Letters for July 26, 2007

Poor choice of words
Re: “Masochists” (From The Edge, by Anthony Peyton Porter, CN&R, July 19):

I usually do not respond to the inflammatory, poorly thought out or just plain ignorant things that I read. I have made an exception in this case, because as one whose first job out of college was as a special-education teacher, who volunteers on the board of a local organization that serves the developmentally disabled, and because someone has to stand up to small-minded drivel, I must object to Anthony Porter’s July 19 column, which was not From The Edge, but Over The Edge.

The time has long past when the disabled who live and work among us can be referred to as “tardos” and “cripples” in a misguided attempt to make up for the writer’s lack of creativity or to stir controversy or sales. Mr. Porter has his right to say whatever he wishes, but by the same token the News & Review has no obligation to publish it.

I doubt that the News & Review would publish an article that used equally derogatory language to describe an ethnic or religious minority, but it appears that the disabled are the last target for open discrimination. Language of this sort works to dehumanize the victim of discrimination, and local history shows where that will lead.

Shame on Mr. Porter and the News & Review, which has squandered any good work done by the recent article on athletics for the disabled. If someone used similar language to describe Mr. Porter, they would justifiably be denounced as bigoted. He and the News & Review should be judged by the same standard.

Stephan R. Wattenberg

I am writing this letter to take issue with the editorial policy of the CN&R with regard to the use of coarse, impolite, and insulting words in pieces submitted by your guest columnists. I had gotten somewhat used to the frequent written use of street terms for body and sexual functions, and had developed some appreciation for the CN&R having carved out its niche as the local publication that “tells it like it is,” allowing earthy language to be used where needed and appropriate.

However, even I was surprised and puzzled by your willingness to allow a schoolyard slur to be used by columnist Anthony Peyton Porter while referring to persons with developmental disabilities. For some reason, I had assumed that, despite your cavalier attitude toward uncivilized language, you still drew some sort of line at the use of degrading slang terms for groups of human beings based on race, ethnicity, national origin, gender, or disability. Obviously, I was mistaken.

I suppose that now, in order to be fair, we can expect all sorts of colorful and earthy terms to appear in your publication, including words once commonly used by ignorant white folks to refer to those of Mr. Porter’s ancestry.

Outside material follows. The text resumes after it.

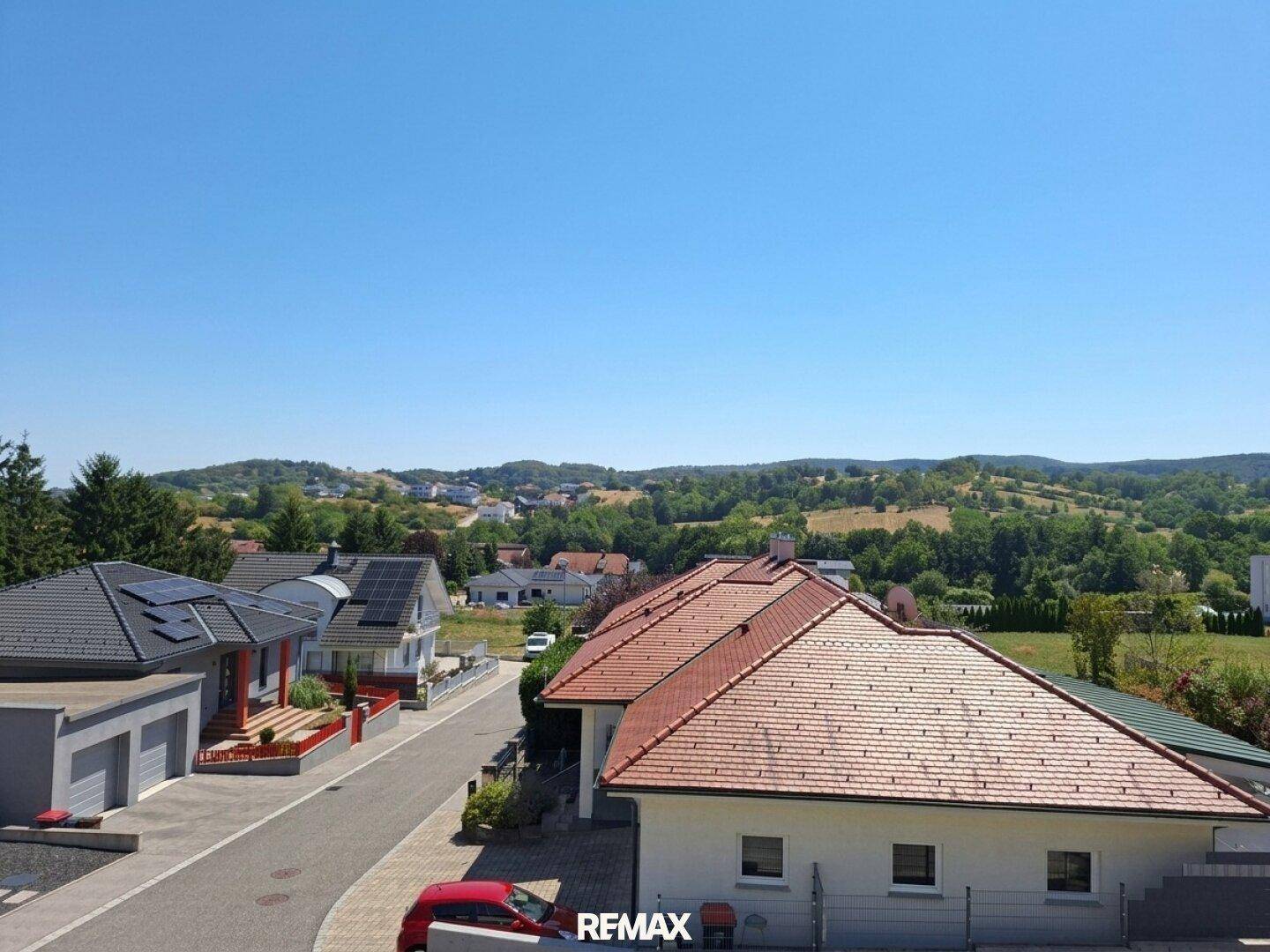 Weitläufiger Blick über die Nachbarschaft mit Häusern und grünen Hügeln im Hintergrund.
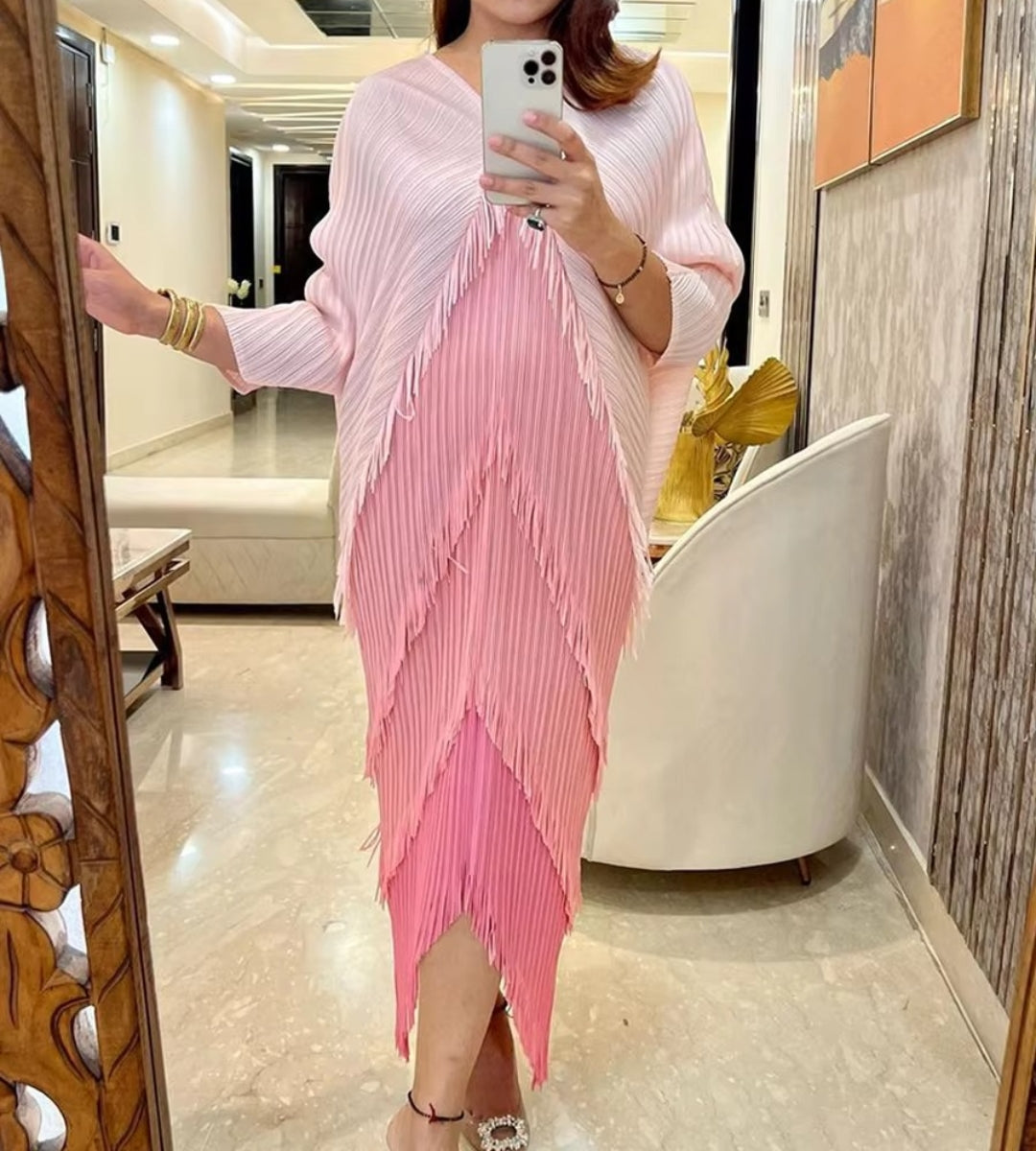 Modelo usando o vestido midi pink Biarritz com mangas morcego e movimento fluido na barra.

All kidding aside, I suggest that your weekly magazine review its entire posture toward acceptable usage, with an eye toward helping to lift this community’s level of civic dialogue rather than contributing to its degradation.

Carl Ochsner
Work Training Center

Anthony Peyton Porter replies: Is “small-minded drivel” better that “tardos” and “cripples"? In some contexts, “blonde” is a slur. “Black” used to be. For some, “nigger” still is. Taking offense is a choice for all of us, from “nappy-headed hos” at Rutgers to Messrs. Wattenberg and Ochsner. If they don’t like the terms I use, I respectfully suggest they choose to use different ones.

Shield, not a sword
Re: “Killer comments” (Letters, by Paul Nokomis, CN&R, July 19):

I am writing in response to Paul Nokomis’ bilious and irrational letter regarding the article on convicted rapist and murderer James Karis Jr. Mr. Nokomis seethes with barely sublimated rage and pines for the “violent death” of Mr. Karis. He even claims that, if given the opportunity, he would murder Mr. Karis with his own hand in any of a variety of gruesome methods and preemptively ridicules anyone who might disagree with him as “morons” and “idiots.”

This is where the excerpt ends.